Dr. James held the mesh against the exposed abdominal muscle, squinted a little, and then pulled it back out. He picked up his scissors again and rounded off the mesh’s corners freehand. I was glad the facemask I wore hid my stunned expression. Dr. James held up his mesh masterpiece, gave a satisfied nod, and placed it over the patient’s sutured-together abdominal muscles. He and Dr. Lake tacked the mesh in place, pulled the next layer of muscle over top, and began to suture.
This is the image that comes to me now when I say I want to be a surgeon. I see an unbelievably qualified and intelligent man with a pair of bloody scissors. I see the care with which he measured; I see those Crayola-crisp black lines he drew. There was something so heartbreakingly, hopefully human about it. No machine or fancy robot was saving this woman’s life, just a man and his hands. There is a connection there, maybe the most intimate connection possible. These patients are at their most vulnerable as they lay naked and unconscious on an operating table. They trust the surgeons to put their hands inside their bodies, to touch their organs and reroute their blood vessels and rebuild their lives. There is Dr. James, carefully trimming his mesh, doing a job any of his nurses could have done with respect and kindness and care. There is the connection again, the shimmering, fragile, unexpected tie that links these two contrasting things: the bloody wound, the aggressive surgeon with his shining blades and needles; and the subtle, intimate image of his hands carefully guiding the scissors around the edges of his hand-drawn guidelines, healing this woman one cautious snip at a time.

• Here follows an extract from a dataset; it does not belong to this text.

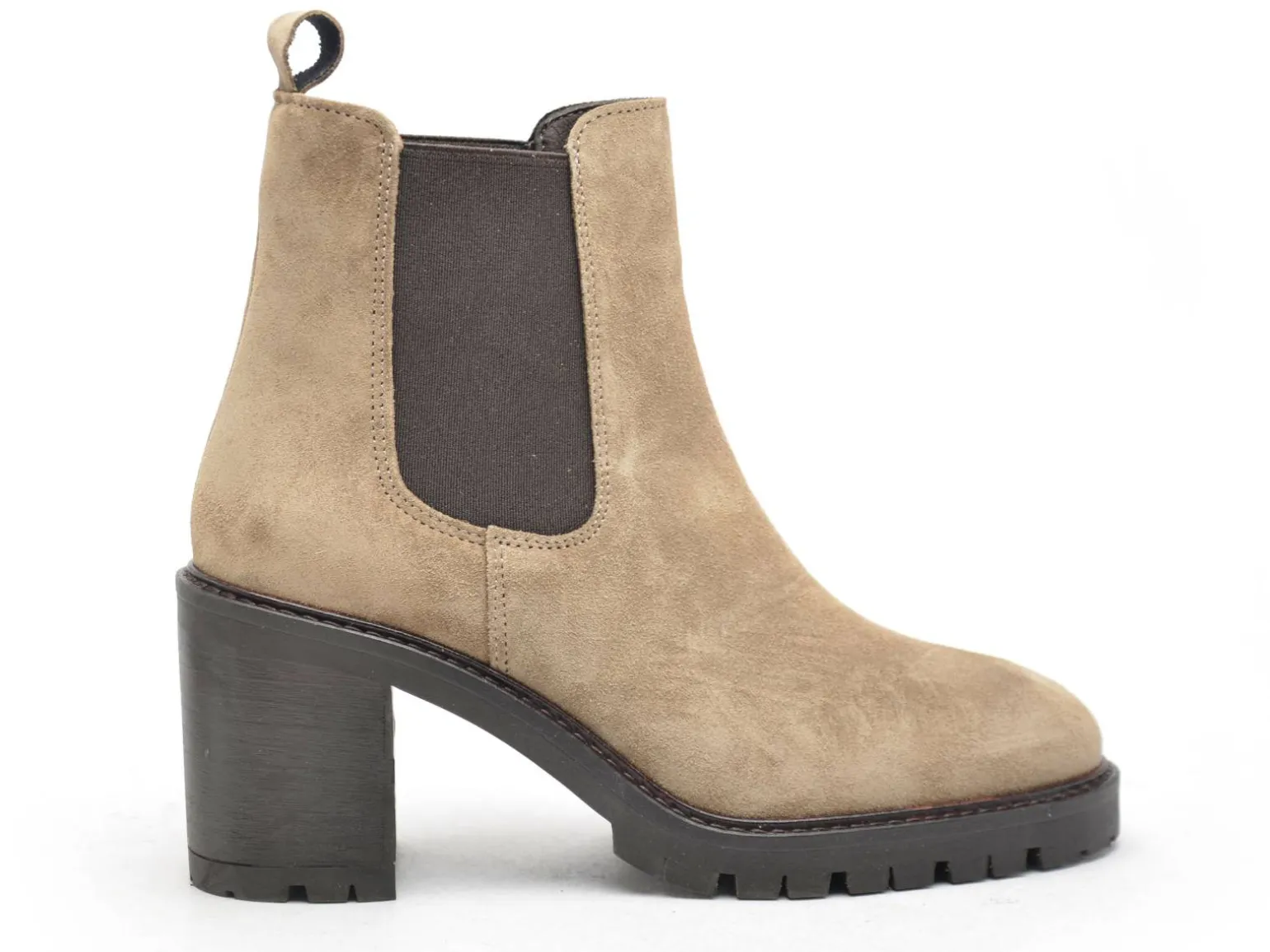 Alpe 5225 Chelsea Beige Boots et Bottines à Talons Femme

There is a little joke that patients like to make as they walk out of their last appointments for some kind of acute surgical problem. The surgeon bids them goodbye, and they turn with a little smile on their faces. They respond, “Goodbye. I hope I don’t see you again soon!” The surgeons chuckle and agree. They wave the patient off, but I can’t help but wonder if it hurts a little that the nature of their jobs is such that everyone is happy to leave them. The surgeon performs the most important service anyone can. He saves a life. The patient thanks him, of course, and then says, “But I never want to see you again.” Surgeons agree; an absent patient is a healthy patient, and giving the patient the ability to walk away is the goal of all surgical teams. Still, I wonder if it hurts when the patient walks away, when that strange, invisible, profound connection is severed. The linkage between restoration and suffering is unusual, irregular, and maybe even unintentional, but it is important. Surgeons know that it is part of their jobs to cut this link between them and the patient. It is, after all, a joining that was never meant to be, that in a perfect world would not exist. But that bond does exist, and then it is undone. It is repaired, restored to normal. That is good; but I still wonder if it hurts.
*Names have been changed to maintain patient privacy and confidentiality.